İslami perspektifin Batı karşıtlığına odaklanması ve kendimizi öteki üzerinden var etmeye çalışmamız bana her zaman azaltan ve öz gerçekliğimizle karşılaşmamızı engelleyen bir tutum olarak göründüğünden, buraya sorunlarımızı konuşmaya geldik itirazını yükselten bazı kadınlara hak vermemem mümkün değildi.

Mali'den gelen bir tıp doktoru, ülkesinde İslam adına ortaya konan kimi pratiklerin kadını nasıl aşağıladığını ve toplumsal hayatta değersiz kıldığını anlattı mesela. Tacikistan'dan gelen Nuri Hanım da İslam toplumlarında kadının hangi süreçlerden geçilerek geri bırakıldığının analizini yapmaya çalıştı ki bu gerçekler Batı'yı şeytanlaştırarak işin içinden sıyrılmamızın mümkün olmadığını gösteriyor.

Londra'dan gelen eğitimci Hannah Smith, İslam'a katılan Avrupalıların hangi zor şartlarda yaşamlarını sürdürdüklerini, işyeri ve aile çevresinde nasıl dışlandıklarını, psikolojik desteğe ihtiyaç duyduklarını anlattı. Avrupa'da ailelerin bırakın inanç değerlerini çocuklarına aktarmak, kendilerini muhafaza etmelerinin bile ne kadar güç olduğunu ortada. Kanuni olarak bir ayrım olmasa da yaşam içinde bireylerin ayrımcı tutumları İslam'ı seçen Batılılara da tıpkı diğer Müslümanlara olduğu gibi ağır toplumsal bedeller ödetiyor.

İhtida eden Avrupalılardan biri olan İngiliz gazeteci Yvonne Rindley'le uzunca sohbet etme imkânı oldu. Sevgi yoksunluğu üretilen yapay korkular yüzünden Batı bölgede yüz binlerce insanı öldürmüştü. Batı'nın insan hakları söylemine inanmamak gerektiğini Müslüman halkların hukukunu korumak gibi bir dertlerinin hiçbir zaman olmadığını söylemesi şaşırtıcı değildi. Aslında şimdi sabırla emek vermek, geleceği kendimizden yola çıkarak fakat insanlığın ortak tecrübelerini de göz ardı etmeden inşa etmek zamanı. Yıkılanların yerine ne konulacağı hususu en can alıcı mesele.

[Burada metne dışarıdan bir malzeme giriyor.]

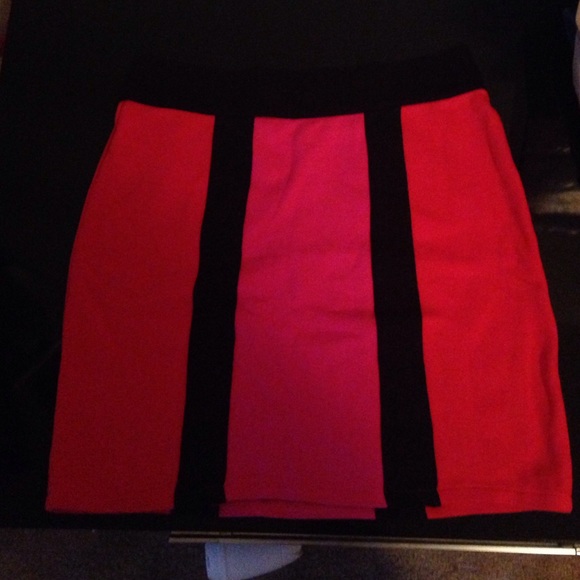 Forever 21 Fitted mini skirt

Irak'tan gelen Bahar Abdurrahman'ın dediği gibi Müslüman kadının yeni yapılanma süreçlerine katkı vermesi hayati önem taşıyor. Artık yaşadığı dünyanın çaresiz seyircisi olarak evinin iç odasında hayatını sürdürmeye çalışması, tek bir alana hapsedilmeyi kabul etmesi mümkün değil. Fikirlerini öngörülerini hayata geçirebileceği geniş bir alana ihtiyacı var. Zalim dünya en başta kadınlara ve çocuklara hayatı zindan ediyor çünkü.